Was das bedeutet? Wäre die Stadt ein Unternehmen, müsste mit großen Einschnitten reagiert werden. Sparkurs pur. Die Kosten müssten runter. Betriebsbedingte Kündigungen, gleichzeitig Erhöhung der Preise für die Leistungen und das Abstoßen defizitärer Produkte wären die Folge. Gelingt das nicht gelingen, kommt der Konkursverwalter…

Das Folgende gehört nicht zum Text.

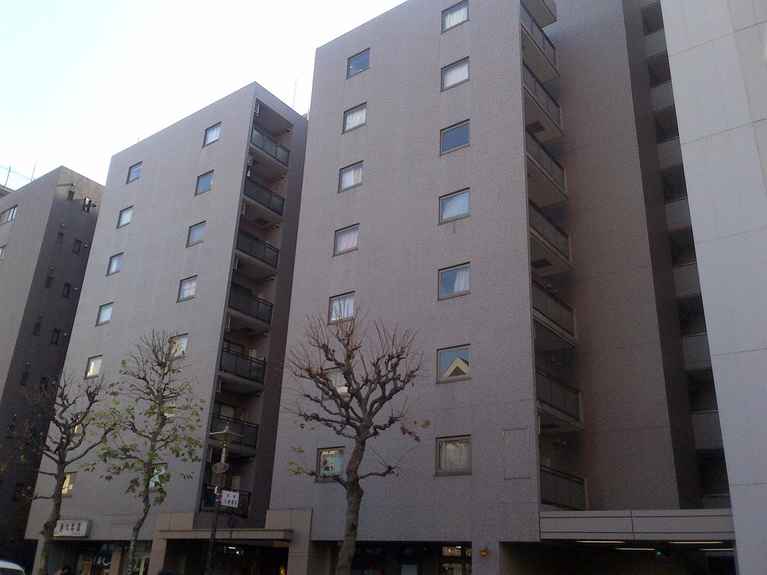 パティオ西早稲田 外観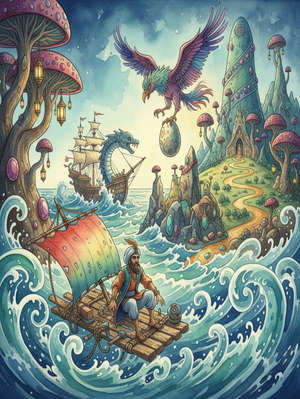 SINDBAD THE SAILOR A TALE FROM THE THOUSAND AND ONE NIGHTS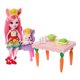 thumbnail image 3 of Playset Enchantimals Mattel Cocina Divertida Bree, 3 of 4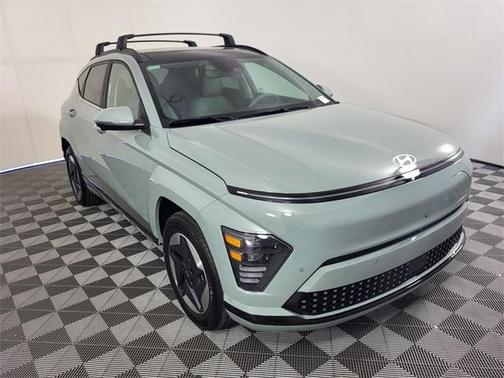 2025 Hyundai KONA EV Limited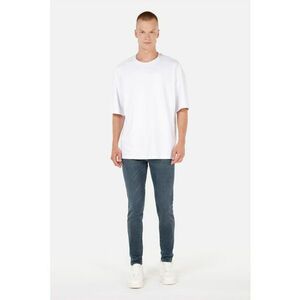 Blugi slim fit Danny imagine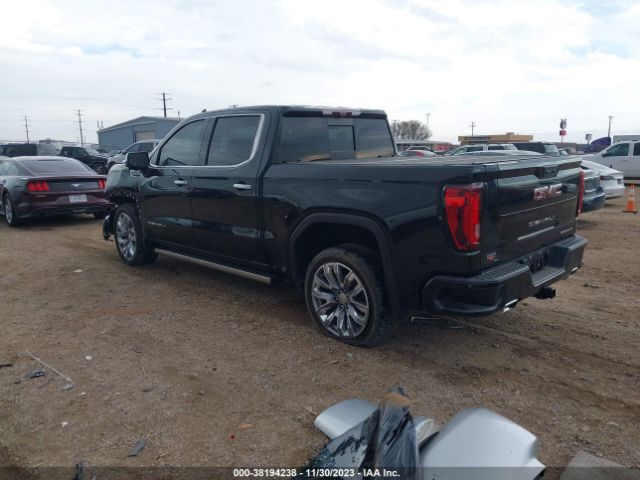 Photo 2 VIN: 1GTUUGELXNZ595315 - GMC SIERRA 1500 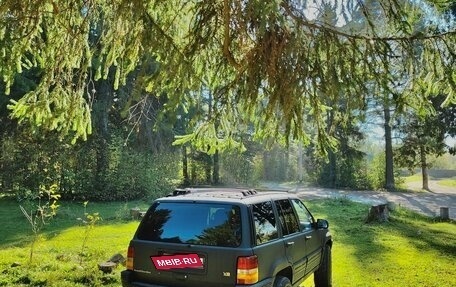 Jeep Grand Cherokee, 1995 год, 750 000 рублей, 4 фотография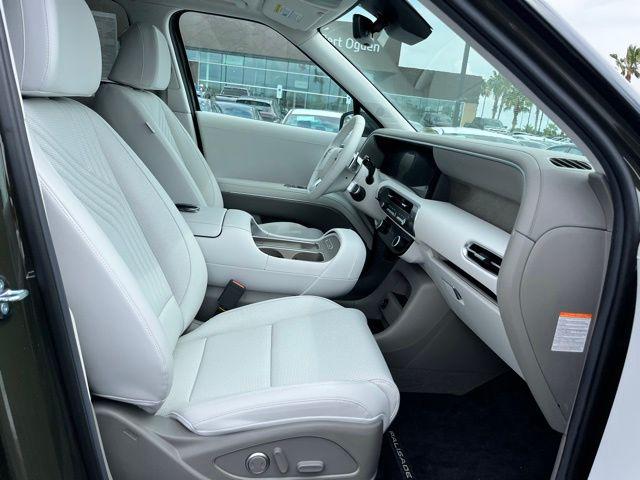 2026 Hyundai Palisade Blue SEL Premium 7P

Die Stadt ist aber kein Unternehmen. Die Handlungsmöglichkeiten sind begrenzt. Personell entlassen? Schwierig. Leistungs- und Produktpallette kürzen? Kaum möglich. Bleibt also der Blick auf die Investitionen und auf die Einnahmeseite. Bei den Investitionen laufen die Beratungen aktuell – mit heftigen Konsequenzen. Das geplante Volumen wird um etwa 50 Prozent (!) auf 23 Mio. Euro gekürzt. Der Bau des Feuerwehrhauses in Nüttermoor wird verschoben, Straßensanierungen reduziert und vieles mehr. Die Politik scheint den Vorschlägen der Verwaltung zu folgen. Gut so. Gemacht wird jetzt nur das, was gemacht werden muss, damit Leer „funktionsfähig“ bleibt. Schul- und Infrastruktursanierungen sind nicht verschiebbar. Kurzum: Politik und Verwaltung haben fast null Gestaltungsmöglichkeiten, zumal der Rat in der vergangenen Periode (zu) viele teure Projekte beschlossen hat. Wie sagte ein Ratsherr dieser Tage: „Im Prinzip ist für die nächsten Jahre alles gegessen. Wir müssen bei absolutem Mangel die Beschlüsse abarbeiten.“
Trotz aller Spar-Maßnahmen: Insgesamt wird die Stadt 2022 wieder etwa zehn Mio. Euro neue Schulden aufnehmen müssen und zusammen mit allen Tochterunternehmen die 100 Mio. Euro Schulden-Schallmauer durchbrechen. 100 Mio. Euro ist viel. Aber zur Einordnung: Diese Schulden sind nicht das Kernproblem. Für sie fallen aktuell pro Jahr lediglich 1,2 Mio. Euro Zinsen an – nur etwa 1,6 Prozent der jährlichen Verbrauchsausgaben.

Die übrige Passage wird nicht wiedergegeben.